On Wed, 14 Jan 2004, Andrew Morton wrote:

> Davide Libenzi <davidel@xxxxxxxxxxxxxxx> wrote:
> >
> > On Wed, 14 Jan 2004, Jeff Dike wrote:
> >
> > > > I thought your goal was to release memory
> > > > to the host, that's why I proposed sys_madvise(MADV_DONTNEED).
> > >
> > > It is, I want memory released immediately as though it were clean, and
> > > MADV_DONTNEED doesn't help.
> >
> > Strange, I didn't notice this before. If you look at the comment in
> > mm/madvise.c:madvise_dontneed, it advertises that dirty pages are actually
> > thrown away (that would be what you're actually looking for).
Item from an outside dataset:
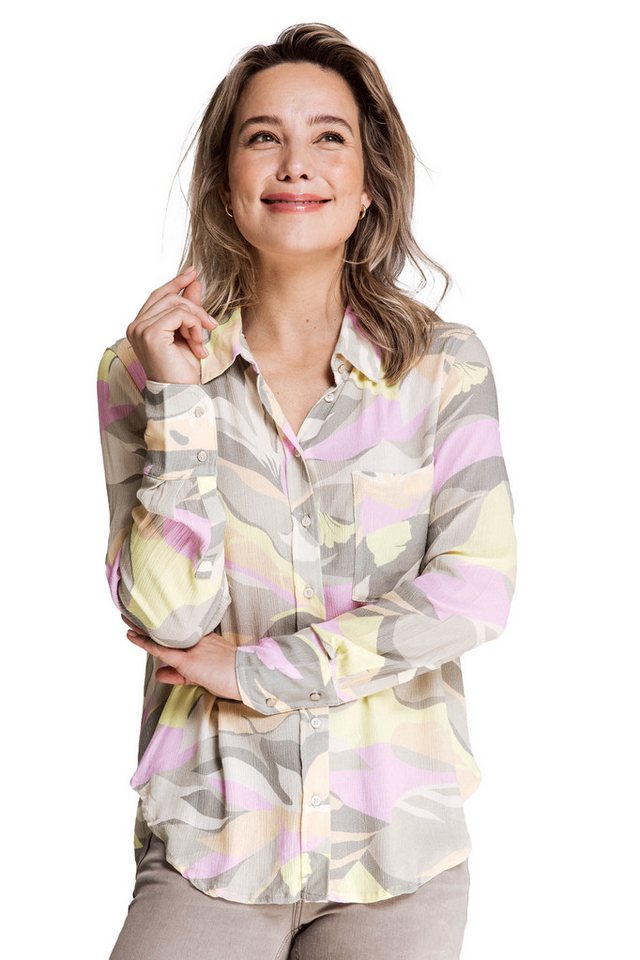 Zhrill Longbluse Bluse ZHFLEUR Grün von Zhrill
But if you
> > go down to zap_page_range -> unmap_vmas -> unmap_page_range ->
> > zap_pmd_range -> zap_pte_range, if the page is dirty, set_page_dirty ->
> > __set_page_dirty_buffers pushes the page into the mapping dirty pages list
> > and __mark_inode_dirty push the inode inside the superblock dirty list. So
> > the comment seems to be wrong (I also verified this with a simple program,
> > and pages are actually flushed).
> >
>
> We cannot invalidate the pages due to MADV_DONTNEED: there may be
> freshly-allocated, unwritten file blocks associated with them. You'd have
> to be playing games with write() amd MAP_SHARED to do this.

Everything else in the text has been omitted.